A soulful-eyed young man

I had pretty much the worst day, today. I got up, with my nose surprisingly stuffy. I had a sort of awkward AIM conversation with Heidi, in which she told me in a very friendly and jovial sort of way that I carry myself as “smugly intelligent”. When I asked for clarification, she observed that “my ego doesn’t need any stroking”. Do I really still come across that way sometimes? Obviously so, but damn.

Ben and I are pretty much out of food, and both too busy to go shopping. He’s going tomorrow (it’s his turn, anyway), but I didn’t really have breakfast, which was fine, because it was pretty much lunchtime by breakfast time anyway. That was difficult, too, though. We need more food.

My backpack felt extra-heavy, and my walk felt extra-long, as I walked the 1.6 miles to my voice lesson. I worked on memorizing “Du bist wie eine Blume”, and was frustrated at the surprising difficulty of it. I arrived, started trying to sing warmups, and failed. My voice just plain didn’t work. I wasn’t accessing my upper range, my throat wasn’t opening… it was really dreadful. Kevin sent me home early with instructions to rest. Fantastic last lesson of the semester. Did I mention that I’m singing a concert tomorrow night?

I also realized while I was walking out there that I needed my car in the evening, since I’d promised to drive Lydia home from rehearsal, but had left it at home and had my entire afternoon booked.
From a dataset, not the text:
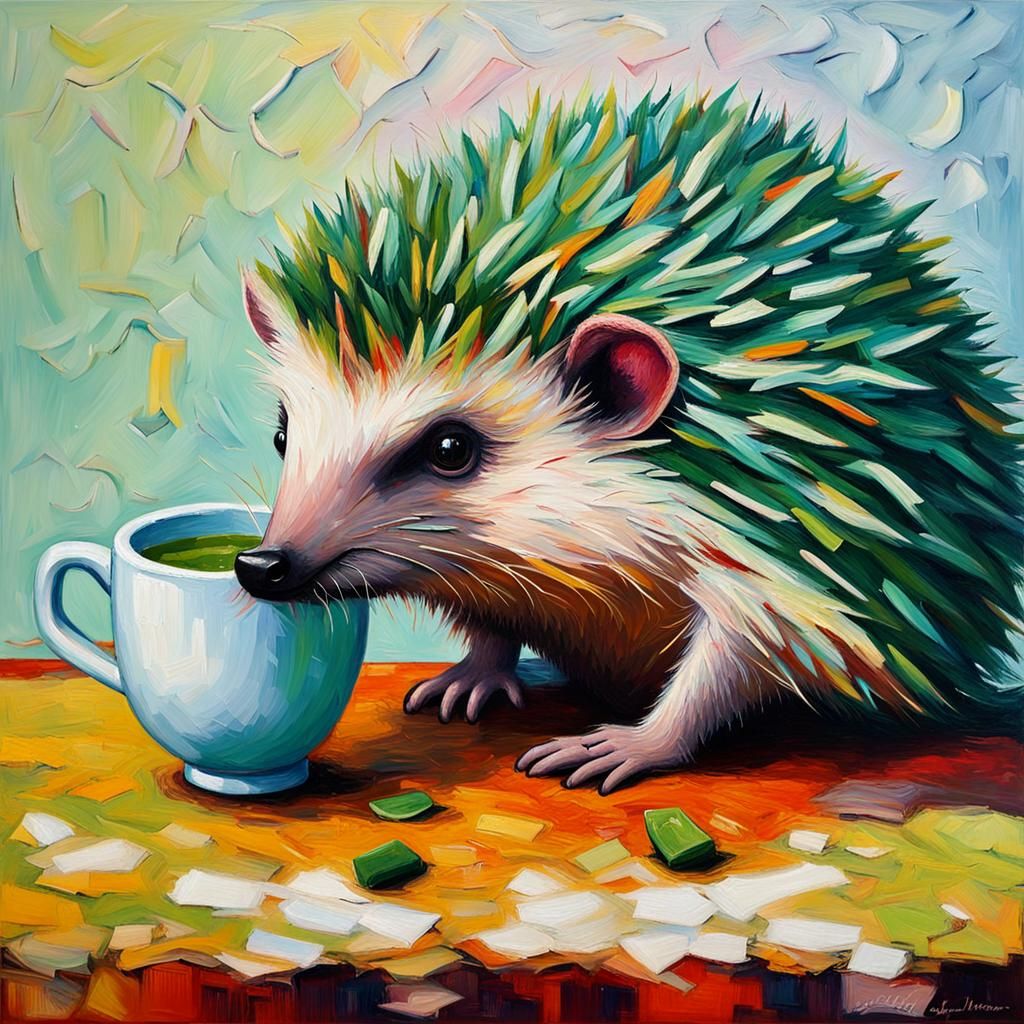 Green Hedgehog Sipping Tea: Neo-Impressionist Oil Painting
Cutting my lesson short, though, gave me time to go back for it. Another, nicer, IM conversation with Heidi, and then off to seminar. JVC held us late, but part of that was because he was getting emotional about his last seminar ever here; he’s moving to USC after this year, so I couldn’t bring myself to be mad at him.

Then I went to rehearsal for the concert, realized I wasn’t in my costume wear for the dress rehearsal, drove home, changed, and returned. I became more and more frustrated as the evening went on. I was marking my music, although my voice was feeling somewhat better. Rehearsal just kept going and going, but eventually it was done and I came home.

Looking over this entry, it doesn’t feel as frustrated as the day itself felt. It really was a pretty awful day. But then, at night, I got a phone call from Lauren.

Lauren is directing Patience at Rice next semester. They’ve been auditioning, and it turns out they’re short a Bunthorne. And Lauren gave me a call, and asked me to perform the role of Bunthorne in the Rice Light Opera Society production of Patience. “But wait!”, you say, “the Rice Light Opera Society performs at Rice University, which is Houston, Texas! You, Jonathan, live in Providence, Rhode Island! How can you be in their show?”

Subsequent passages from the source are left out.